▶ [Exercise prompt] Using the listing below, please print exactly the lines from the one with "If you want" through the one with "Hey guys, Chad". Leave out every picture.

▶ [Supplied material]
- Opening Delimiter -
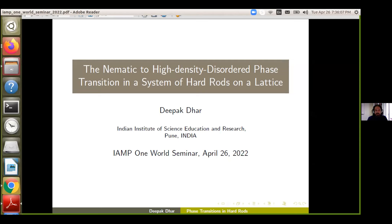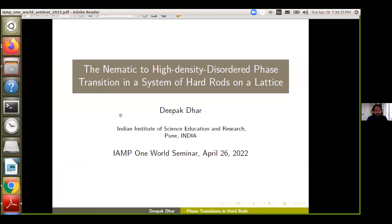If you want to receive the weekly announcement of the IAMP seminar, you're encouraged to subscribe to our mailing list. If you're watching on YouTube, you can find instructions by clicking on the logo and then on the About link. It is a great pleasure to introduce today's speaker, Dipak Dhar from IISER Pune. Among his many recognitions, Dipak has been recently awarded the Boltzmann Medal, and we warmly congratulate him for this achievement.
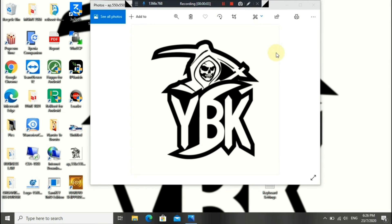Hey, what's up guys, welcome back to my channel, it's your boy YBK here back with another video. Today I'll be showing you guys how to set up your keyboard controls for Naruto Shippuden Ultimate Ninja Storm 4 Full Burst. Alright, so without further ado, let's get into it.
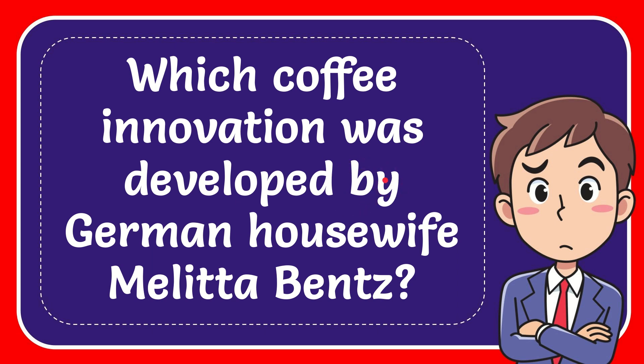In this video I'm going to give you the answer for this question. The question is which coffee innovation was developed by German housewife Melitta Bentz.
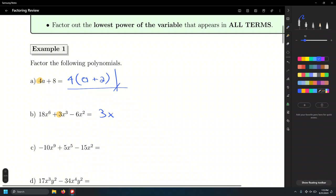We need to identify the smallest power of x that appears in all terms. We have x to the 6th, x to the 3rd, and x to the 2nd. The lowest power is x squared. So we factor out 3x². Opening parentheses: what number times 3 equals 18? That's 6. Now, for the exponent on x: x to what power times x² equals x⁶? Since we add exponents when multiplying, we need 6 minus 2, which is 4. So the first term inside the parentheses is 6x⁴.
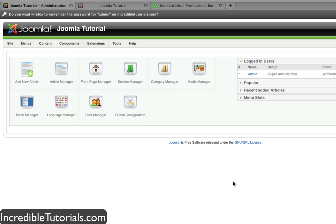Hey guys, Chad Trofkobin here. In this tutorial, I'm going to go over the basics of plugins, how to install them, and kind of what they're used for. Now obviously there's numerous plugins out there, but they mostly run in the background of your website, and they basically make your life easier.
- Closing Delimiter -
- Opening Delimiter -
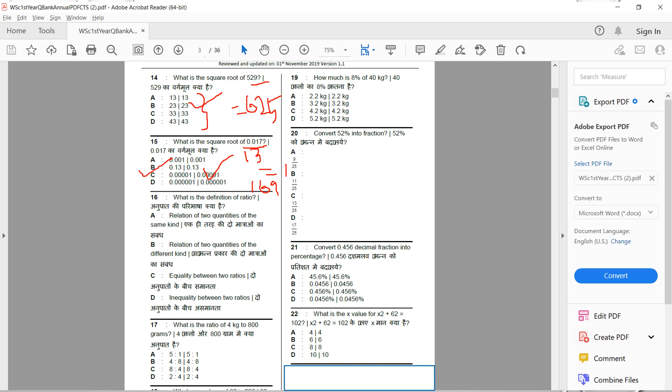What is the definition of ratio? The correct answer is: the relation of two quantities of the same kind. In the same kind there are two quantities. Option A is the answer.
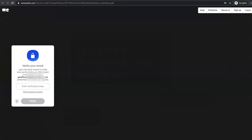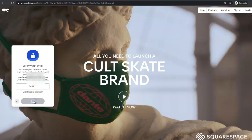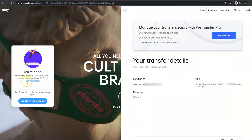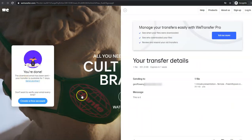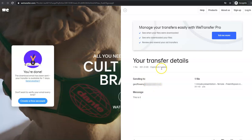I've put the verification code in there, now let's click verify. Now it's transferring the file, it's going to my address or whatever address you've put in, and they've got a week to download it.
- Closing Delimiter -
▶ [Problem solution]
If you want to receive the weekly announcement of the IAMP seminar, you're encouraged to subscribe to our mailing list. If you're watching on YouTube, you can find instructions by clicking on the logo and then on the About link. It is a great pleasure to introduce today's speaker, Dipak Dhar from IISER Pune. Among his many recognitions, Dipak has been recently awarded the Boltzmann Medal, and we warmly congratulate him for this achievement.
Hey, what's up guys, welcome back to my channel, it's your boy YBK here back with another video. Today I'll be showing you guys how to set up your keyboard controls for Naruto Shippuden Ultimate Ninja Storm 4 Full Burst. Alright, so without further ado, let's get into it.
In this video I'm going to give you the answer for this question. The question is which coffee innovation was developed by German housewife Melitta Bentz.
We need to identify the smallest power of x that appears in all terms. We have x to the 6th, x to the 3rd, and x to the 2nd. The lowest power is x squared. So we factor out 3x². Opening parentheses: what number times 3 equals 18? That's 6. Now, for the exponent on x: x to what power times x² equals x⁶? Since we add exponents when multiplying, we need 6 minus 2, which is 4. So the first term inside the parentheses is 6x⁴.
Hey guys, Chad Trofkobin here. In this tutorial, I'm going to go over the basics of plugins, how to install them, and kind of what they're used for. Now obviously there's numerous plugins out there, but they mostly run in the background of your website, and they basically make your life easier.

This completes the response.